ところが、こうした渋沢に転機が訪れます。17歳の頃、父の名代で村の代官所へ赴いたことがありました。世は幕末。村の領主・岡部藩安部家も積赤字に苦しみ、領内の豪農に御用金を課していました。豪農たちは、それを無条件で受け入れていたのです。
しかし、はじめて会合に出た渋沢には、何か釈然としないものが。渋沢が「父に伝えてから返答します」と答えると、代官は彼を見下げ、「百姓の小倅が」と嘲弄。腹立たしさが渋沢を襲いました。
そもそも御用金は年貢ではなく、いわば藩が無心しているものであり、返済されませんでした。それをなぜ高圧的に命じるのか。渋沢はその怒りを社会の仕組み=身分制度に向けます。1863年、国内における尊王攘夷ブームの最中、彼は同志と共に「高崎藩の城を攻略し、横浜を焼き討ちしよう」というとんでもないことを画策します。まさに無謀な計画でした。
パリ博覧会で商人の社会的地位向上を決意
計画は事前に露見、渋沢は幕府のおたずね者となりましたが、その窮地を救ったのは、江戸留学時に面識のあった将軍家の家族で一橋家の用人・平岡円四郎でした。渋沢は算盤勘定ができるため、一橋家で平岡付きの用人となったのです。
一橋家の財政再建で手腕を発揮した渋沢は、1867年正月、将軍徳川慶喜(よしのぶ)の実弟・昭武(あきたけ)のパリ万国博覧会列席に随行します。

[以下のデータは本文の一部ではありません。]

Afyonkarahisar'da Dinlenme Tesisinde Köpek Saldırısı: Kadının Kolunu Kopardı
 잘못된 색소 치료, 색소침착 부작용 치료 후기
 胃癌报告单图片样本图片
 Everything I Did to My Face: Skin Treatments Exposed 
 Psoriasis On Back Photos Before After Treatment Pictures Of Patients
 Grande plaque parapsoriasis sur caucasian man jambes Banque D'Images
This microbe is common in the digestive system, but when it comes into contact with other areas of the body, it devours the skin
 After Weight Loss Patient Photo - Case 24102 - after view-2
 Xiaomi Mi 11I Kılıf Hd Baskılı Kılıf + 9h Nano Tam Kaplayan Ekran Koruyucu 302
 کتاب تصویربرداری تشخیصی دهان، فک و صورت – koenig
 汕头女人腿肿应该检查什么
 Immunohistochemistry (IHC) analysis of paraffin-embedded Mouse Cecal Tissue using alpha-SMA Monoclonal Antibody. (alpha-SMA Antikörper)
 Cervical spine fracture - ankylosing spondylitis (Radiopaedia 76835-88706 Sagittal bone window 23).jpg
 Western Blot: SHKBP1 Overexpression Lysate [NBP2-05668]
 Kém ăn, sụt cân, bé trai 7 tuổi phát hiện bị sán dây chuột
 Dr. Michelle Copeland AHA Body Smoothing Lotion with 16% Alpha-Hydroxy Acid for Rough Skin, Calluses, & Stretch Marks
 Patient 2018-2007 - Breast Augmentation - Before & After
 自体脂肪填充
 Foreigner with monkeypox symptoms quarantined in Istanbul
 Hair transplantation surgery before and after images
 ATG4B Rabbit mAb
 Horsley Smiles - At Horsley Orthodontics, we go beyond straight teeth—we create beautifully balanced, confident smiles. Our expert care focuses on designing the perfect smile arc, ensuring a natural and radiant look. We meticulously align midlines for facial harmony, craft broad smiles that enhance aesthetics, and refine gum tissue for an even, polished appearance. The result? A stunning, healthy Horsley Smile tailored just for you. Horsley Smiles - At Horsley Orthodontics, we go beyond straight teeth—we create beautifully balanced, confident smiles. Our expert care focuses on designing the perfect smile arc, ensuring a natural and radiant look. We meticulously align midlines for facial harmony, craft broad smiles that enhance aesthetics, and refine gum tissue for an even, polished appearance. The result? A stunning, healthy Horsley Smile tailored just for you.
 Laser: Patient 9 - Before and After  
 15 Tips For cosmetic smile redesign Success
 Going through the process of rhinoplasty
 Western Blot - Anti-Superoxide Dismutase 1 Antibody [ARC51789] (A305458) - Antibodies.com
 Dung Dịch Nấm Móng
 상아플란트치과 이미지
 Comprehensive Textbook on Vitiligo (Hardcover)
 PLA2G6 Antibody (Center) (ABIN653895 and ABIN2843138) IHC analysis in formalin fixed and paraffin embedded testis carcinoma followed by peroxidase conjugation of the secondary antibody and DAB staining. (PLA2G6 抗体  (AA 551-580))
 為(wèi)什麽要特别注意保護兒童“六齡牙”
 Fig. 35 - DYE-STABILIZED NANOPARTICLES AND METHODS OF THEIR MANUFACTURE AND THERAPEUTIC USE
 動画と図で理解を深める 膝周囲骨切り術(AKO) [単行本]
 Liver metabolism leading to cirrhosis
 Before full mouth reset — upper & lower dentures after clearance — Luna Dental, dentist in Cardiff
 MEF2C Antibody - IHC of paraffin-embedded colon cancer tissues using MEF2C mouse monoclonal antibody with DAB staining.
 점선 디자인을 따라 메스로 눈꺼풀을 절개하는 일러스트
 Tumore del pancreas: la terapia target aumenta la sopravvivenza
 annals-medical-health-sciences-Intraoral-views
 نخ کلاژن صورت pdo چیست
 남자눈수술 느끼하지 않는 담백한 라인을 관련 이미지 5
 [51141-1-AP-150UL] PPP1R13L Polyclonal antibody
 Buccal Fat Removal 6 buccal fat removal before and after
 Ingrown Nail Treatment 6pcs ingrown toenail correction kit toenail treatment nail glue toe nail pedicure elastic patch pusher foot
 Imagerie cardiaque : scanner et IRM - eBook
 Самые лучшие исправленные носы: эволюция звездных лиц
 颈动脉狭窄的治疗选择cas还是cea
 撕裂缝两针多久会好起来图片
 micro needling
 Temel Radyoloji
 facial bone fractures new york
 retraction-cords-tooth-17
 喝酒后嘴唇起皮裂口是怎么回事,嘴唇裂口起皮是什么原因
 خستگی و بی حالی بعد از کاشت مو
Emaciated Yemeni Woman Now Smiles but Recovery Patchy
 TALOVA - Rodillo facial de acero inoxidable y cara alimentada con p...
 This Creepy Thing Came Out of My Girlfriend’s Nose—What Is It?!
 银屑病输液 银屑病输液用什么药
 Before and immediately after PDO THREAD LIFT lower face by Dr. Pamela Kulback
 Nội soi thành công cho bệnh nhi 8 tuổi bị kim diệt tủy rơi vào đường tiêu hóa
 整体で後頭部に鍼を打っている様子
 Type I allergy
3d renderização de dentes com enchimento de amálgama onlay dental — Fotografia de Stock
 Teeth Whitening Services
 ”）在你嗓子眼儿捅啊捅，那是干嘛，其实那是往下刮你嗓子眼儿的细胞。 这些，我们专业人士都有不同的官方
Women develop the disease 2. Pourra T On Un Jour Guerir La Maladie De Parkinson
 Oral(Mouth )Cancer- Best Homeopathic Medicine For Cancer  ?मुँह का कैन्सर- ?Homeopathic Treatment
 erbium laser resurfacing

パリへ渡った渋沢は、生まれて初めて汽車に乗り、市中を散策して、西洋文明に触れました。
なかでも、銀行家が軍人と対等に会話を交わす場面には衝撃を受けたようです。日本では商人の地位は低く、彼らには己れの卑屈さに馴れている一面がありました。さらには、当時の日本には「利は義に反する」といった儒教道徳が定着していて、経済を「卑しいもの」とする幕府は、御用金頼みで財政難をしのごうとしていました。
欧州文明を見聞した渋沢は、これからの日本はまず「殖産興業」をおこさなければならないと痛感していました。そのためにはまず、商人を卑しめる慣習を拭い去り、彼らが自信と誇りを持てるようにしなければならない。渋沢はそれに気づき、商人の社会的地位向上を目指していきます。